It has been a few years, I think it was on The Food Network, but a video of some guy who could bone a chicken in under two minutes, without a knife, was something I'll never forget. He plunged his hand into the cavity, joked with the interviewer while his hand was obviously busy groping inside the bird, then in one triumphant move pulled out the entire chicken skeleton!
If it was a trick, it was a damn good one.
Still, the advice Julie recounts is wise. I have whole-boned nothing more complicated than a raw turkey breast, and had to take frequent time-outs just to cuss. Know your bird, know yourself...but, if you are inclined to experimentation or masochism, an excellent online guide is Boning Birds Whole. Step-by-step, excellent (though vaguely obscene) photos, it will walk you through the process.
In my limited experience, nimble fingers and a quick mind are more important than a sharp boning knife at the muscle-tendon-bone connection. At some point, the tendon should stay connected to the bone, since the thicker parts are not pleasant eating. There is a natural tendency to "meat imperialism" - since your commitment increases with the time you spend. you'll want to leave as much as possible connected to the "main mass" as it slowly accumulates and you'll want to get as close to the bone as is humanly possible.
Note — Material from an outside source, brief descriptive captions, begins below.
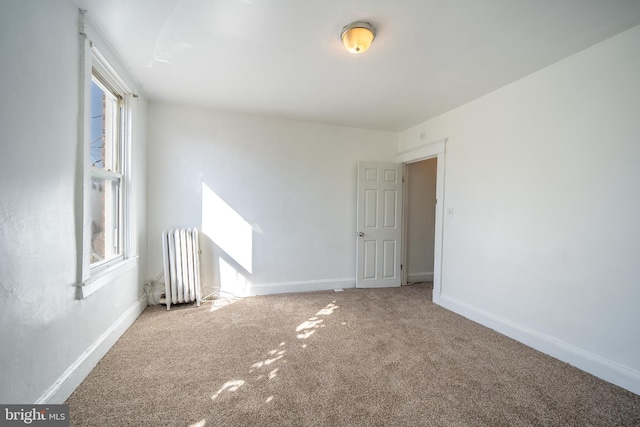 carpeted empty room with baseboards, a healthy amount of sunlight, and radiator heating unit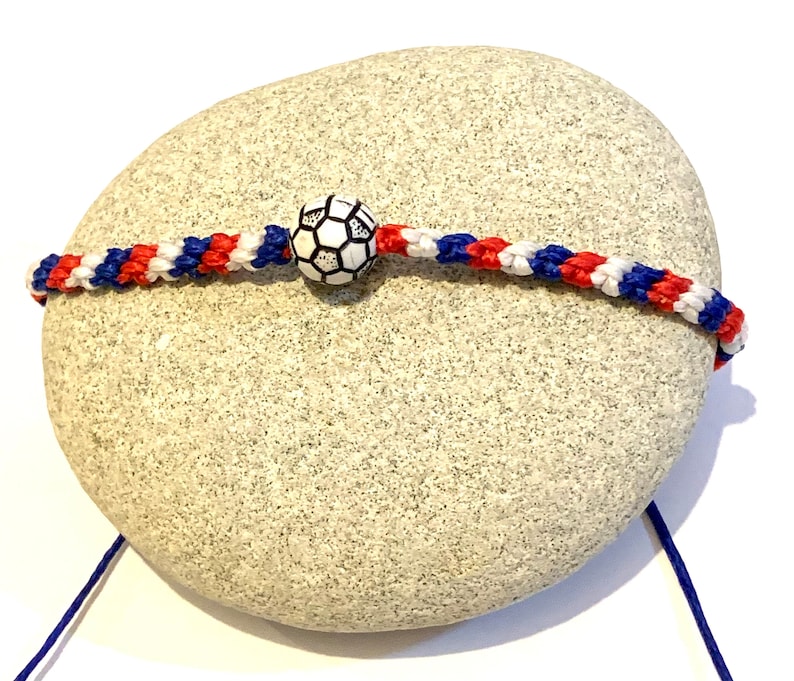 May include: A red, white, and blue braided friendship bracelet with a white soccer ball charm. The bracelet is tied around a grey rock.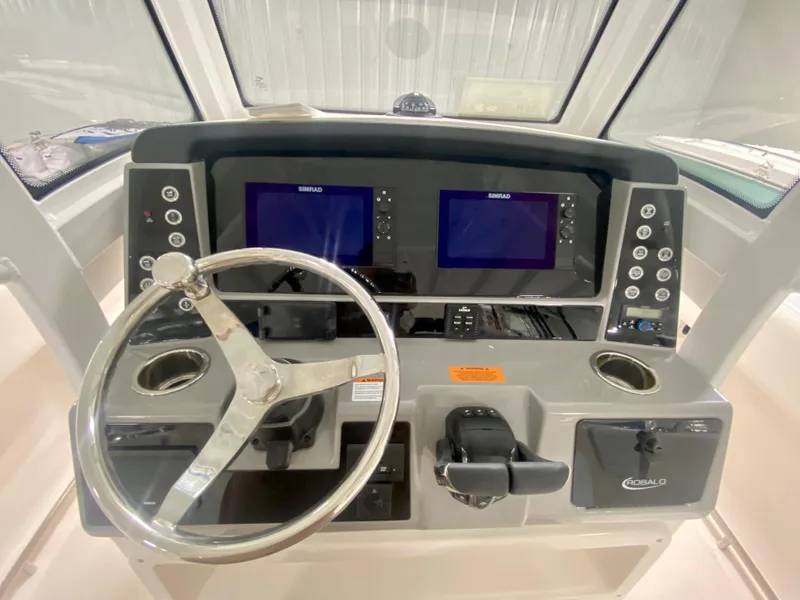 Slide: The Image of 2024 Robalo R250 boat dashboard with dual Simrad displays and stainless steel steering wheel. - 20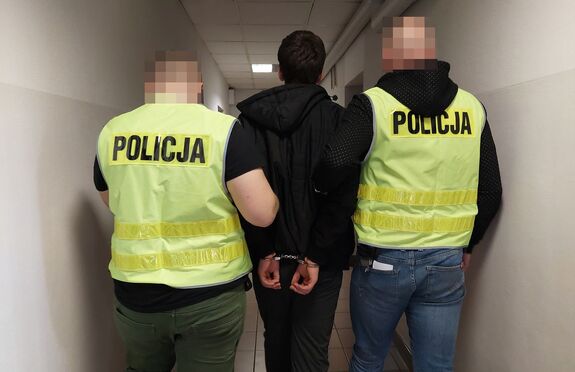 Policjanci prowadzą zatrzymanego mężczyznę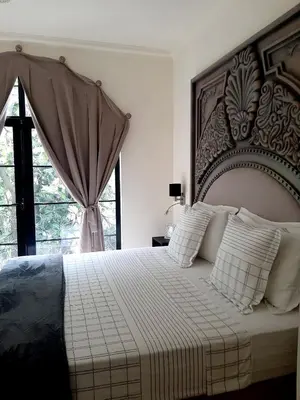 a bedroom with a large bed and a window at Hotel Château Georgette in Pombas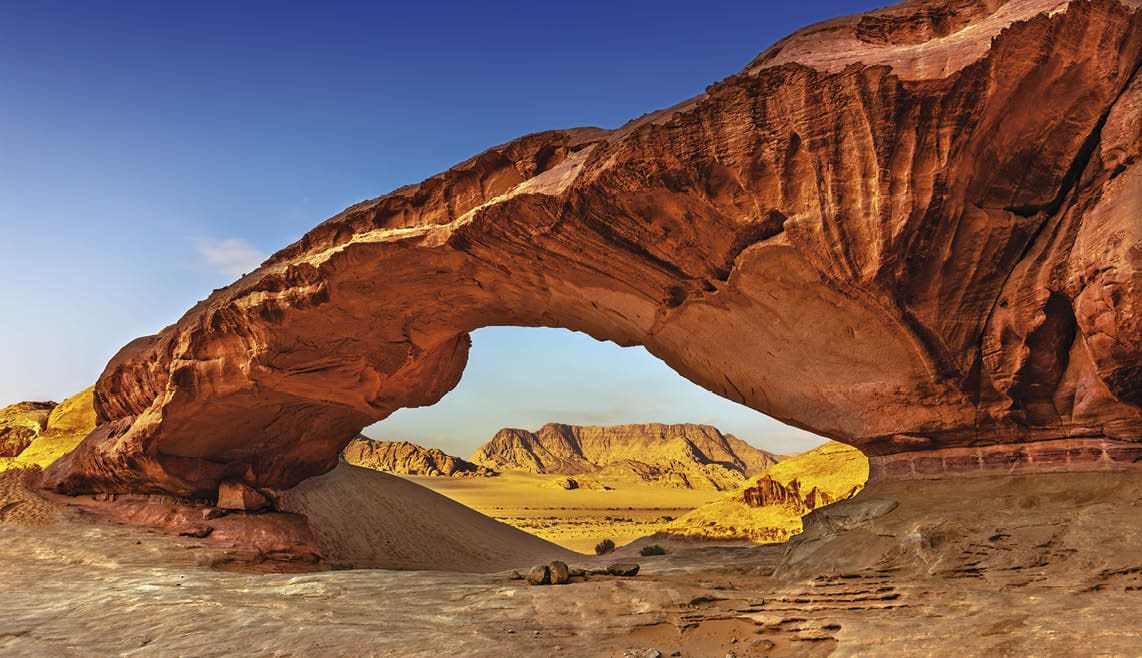 View through a rock arch in the desert of Wadi Rum, Jordan, Middle East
You'll waste a lot of time if you let those impulses get to you. The other end of the tendon is in the meat itself, but it's generally a better place to cut, minimizing intrusion at the "mangle point". Clean incisions will close during cooking. Practice boning on some chicken thighs - they're very cheap. Thighs and legs are difficult, that's where the muscles are toughest and the tendons most prominent - a real challenge. That is, if you're inclined to try...but it might be easier than finding a butcher.